Cleveland also has bullpen issues (interesting how much better the NL bullpens are than most of these AL ‘pens) –their closer got TORCHED the last two months and was removed from the closer’s role in the midst of the Indians’ 10-game winning streak. What separates the Tribe from the Sox and Tigers is the number of viable alternatives they can choose from – their lone lefty reliever, Mark Rzepczynski, has been excellent since joining the team, and Joe Smith, Cody Allen, and Brian Shaw all have excellent numbers out of the bullpen. Look for manager Terry Francona to play the ‘hot hand’ for as long as Cleveland remains in the postseason.
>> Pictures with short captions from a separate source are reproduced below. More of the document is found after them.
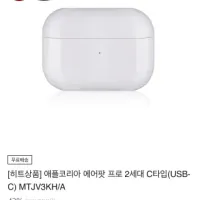 애플코리아 에어팟 프로 2세대 C타입 토스 25만원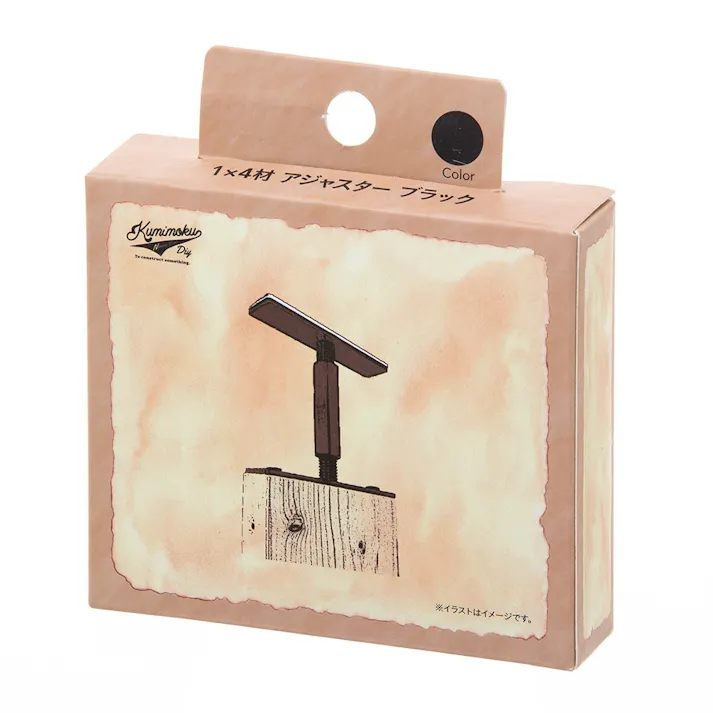 カインズ Kumimoku 1×4材アジャスター ブラック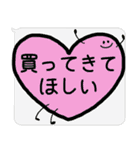 買い物リスト【スーパー】いつものやつ（個別スタンプ：40）
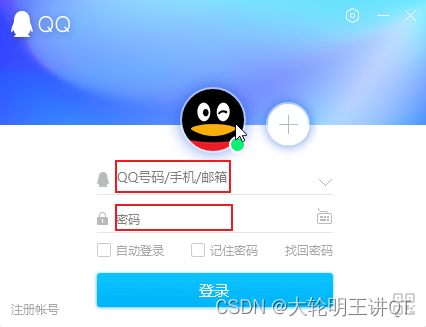 占位字符串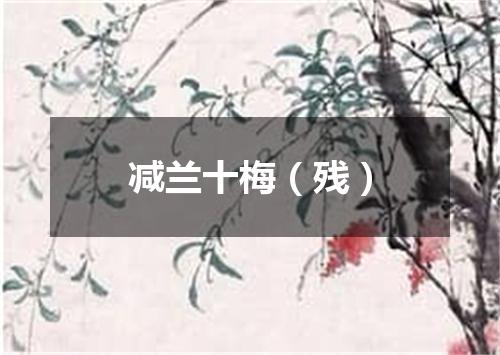 减兰十梅（残）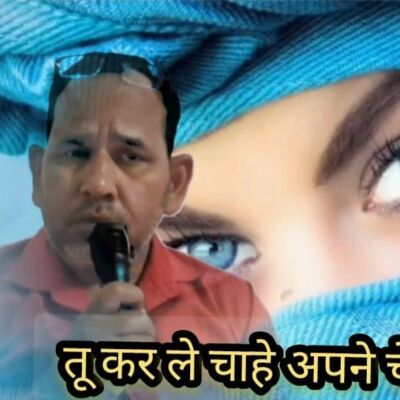 तू कर ले चाहे अपने चेहरे पे परदा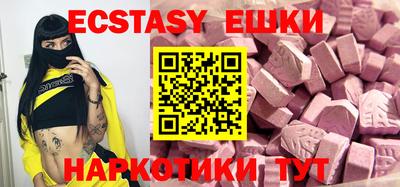 марки nbome Тулун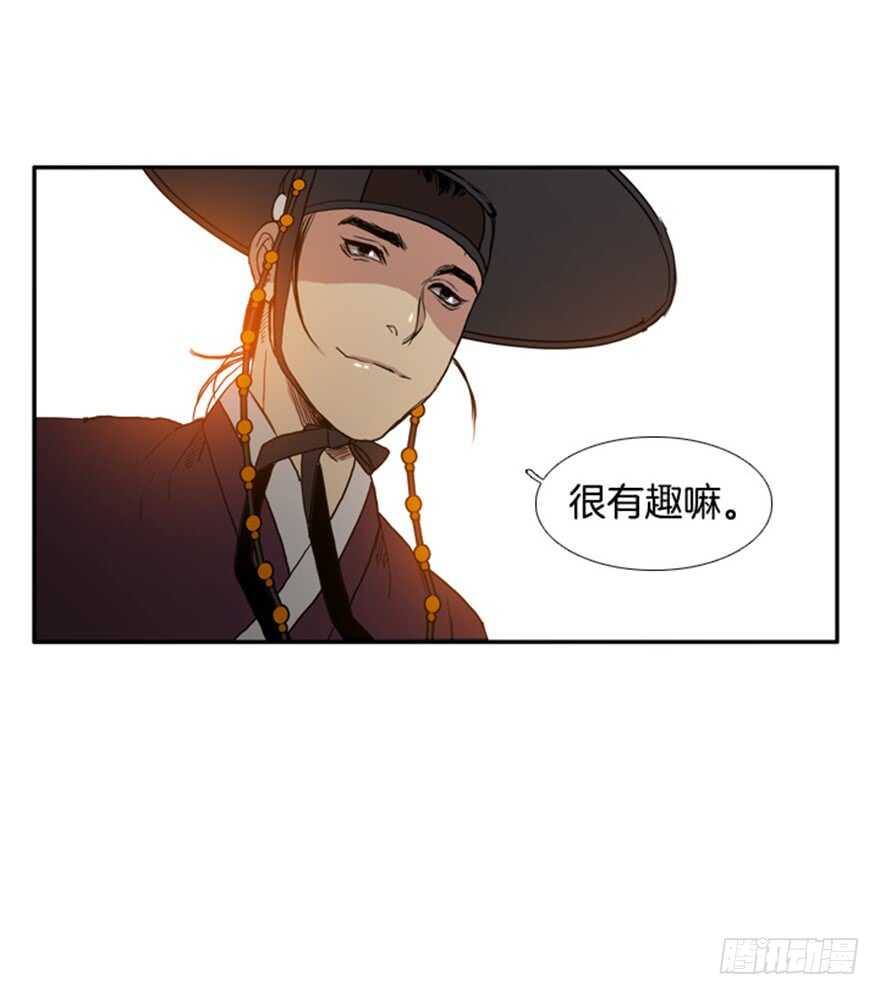 第50话28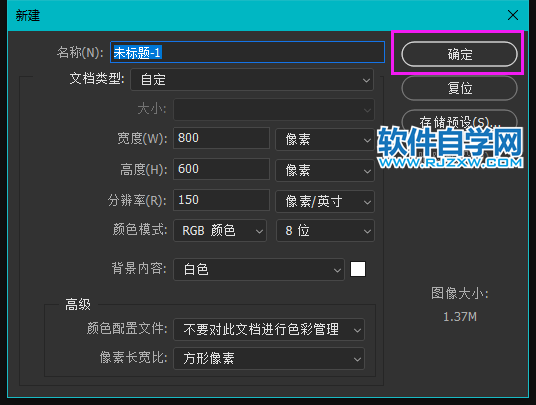 ps怎么畫半圓矩形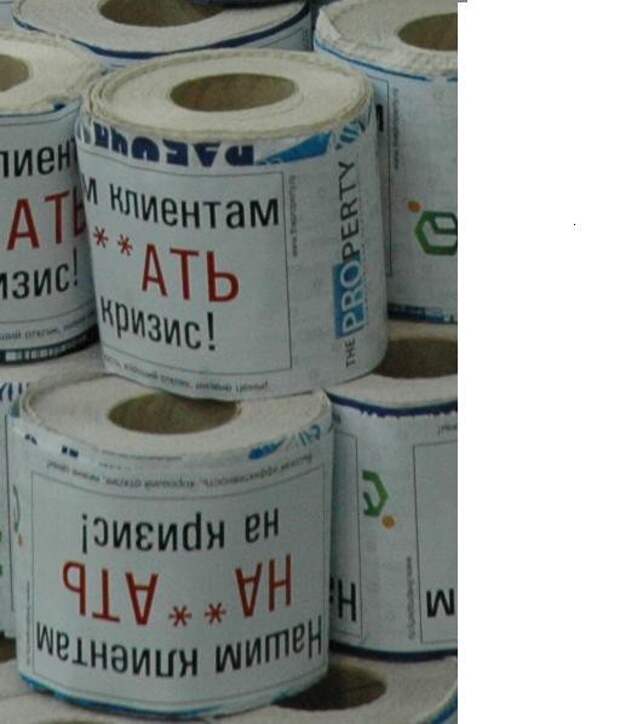 Маркетологи всегда тут как тут Маркетологи всегда тут как тут Нет денег, кризис, прикол, юмор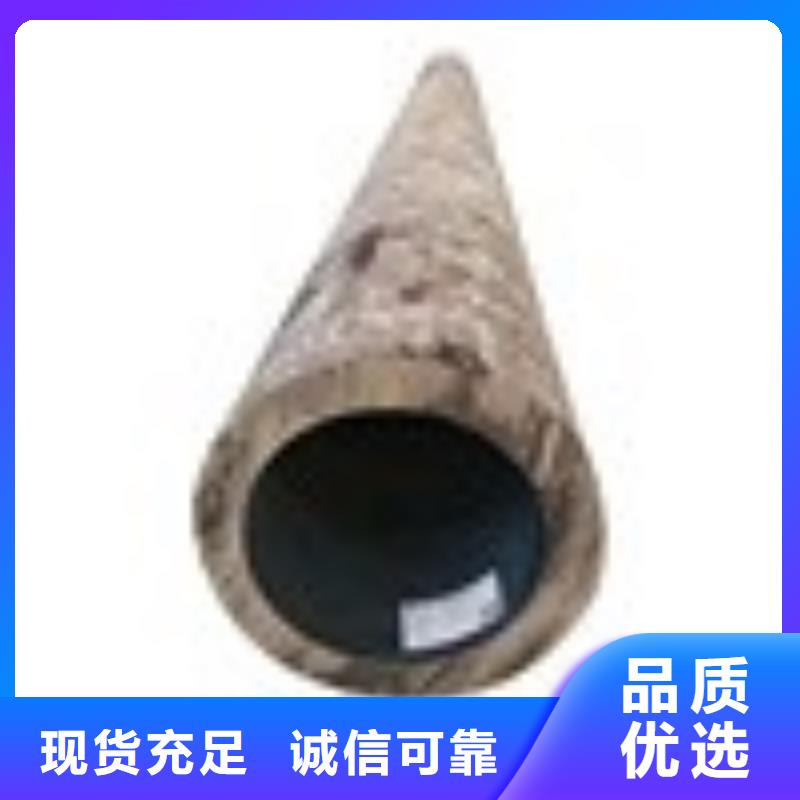 89*14無縫鋼管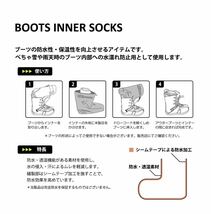 eb's/エビス boots inner socks/ブーツ インナー ソックス black SMサイズ_画像4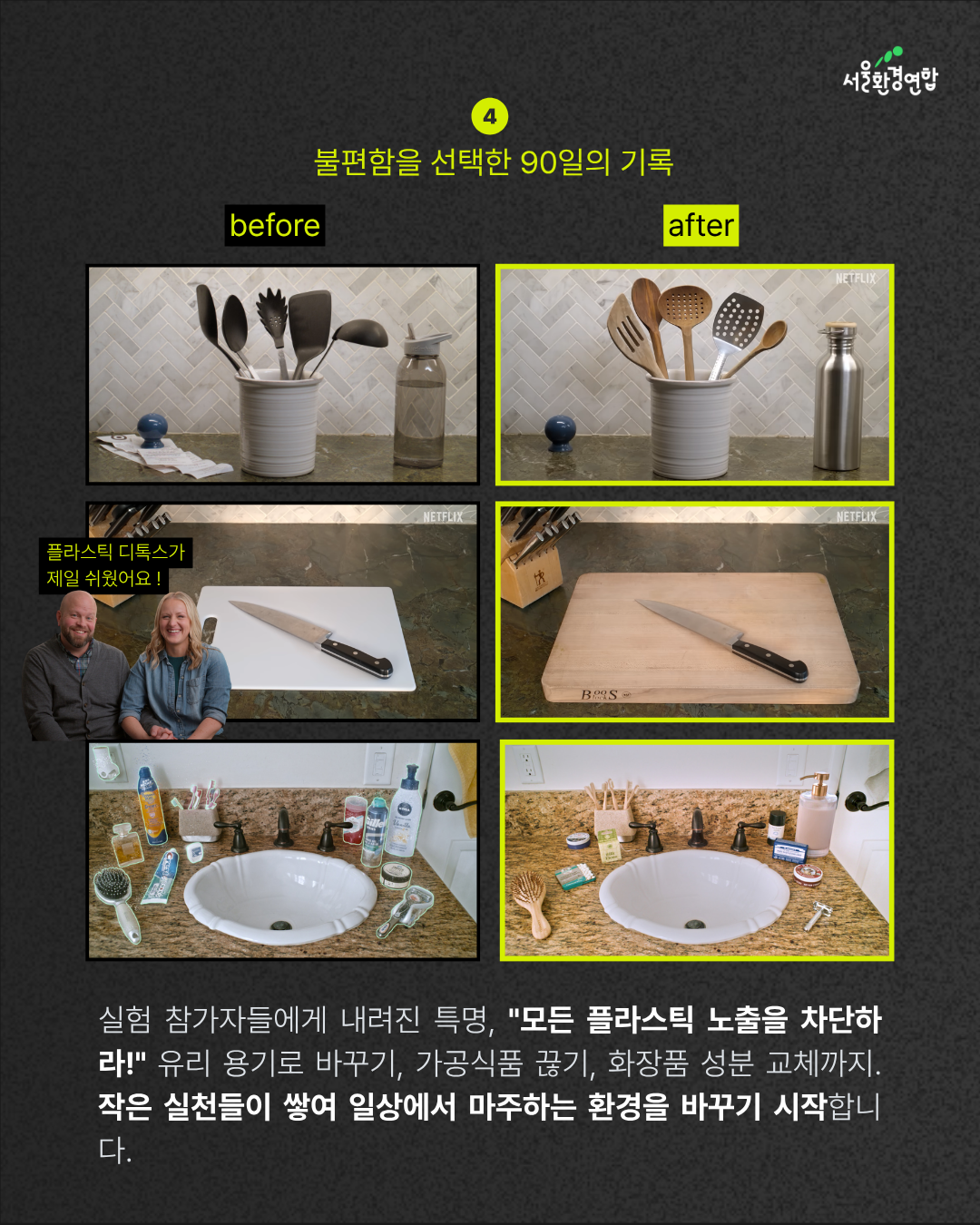 a829ef702a9d7.png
The Rays and A’s have VERY similar bullpens. Both offer depth, consistency, and matchup options. If you prefer control, the A’s are your pick – if you prefer strikeouts, the Rays get the nod. I think strikeout pitching plays up in the postseason, but I’m going with the A’s by the slimmest of margins. Oakland has SEVEN effective relievers to call upon, including two very good southpaws, which allows them to play matchups as early as the sixth inning. The Rays have five dependable relievers, each with excellent strikeout rates, that Joe Maddon can summon. Close call, but I’ll take the A’s depth.
World Series Chances
5 Tampa Bay
NOTES: As in the NL, I am putting the two wild-card teams at the bottom because the outcome of that game is so unpredictable. In the Rays’ case, if they win their reward is a trip to Fenway, with their top two starters spent…that’s a tall task. I actually believe Cleveland is going to pull this game out, but we will all know the outcome by the time you’re reading this…
Oakland has a nice team – and I’m rooting for them to upset the Tigers – but Boston and Detroit were the best in the AL by far this year. Both outscored their opponents by over 170 runs – and while (again) anything is possible in a short series, I like these teams’ chances to face off in what could be an epic ALCS. I see no reason to believe that Boston will go quietly, but I can’t bet against Detroit’s rotation – I think the Tigers will prevail in the AL.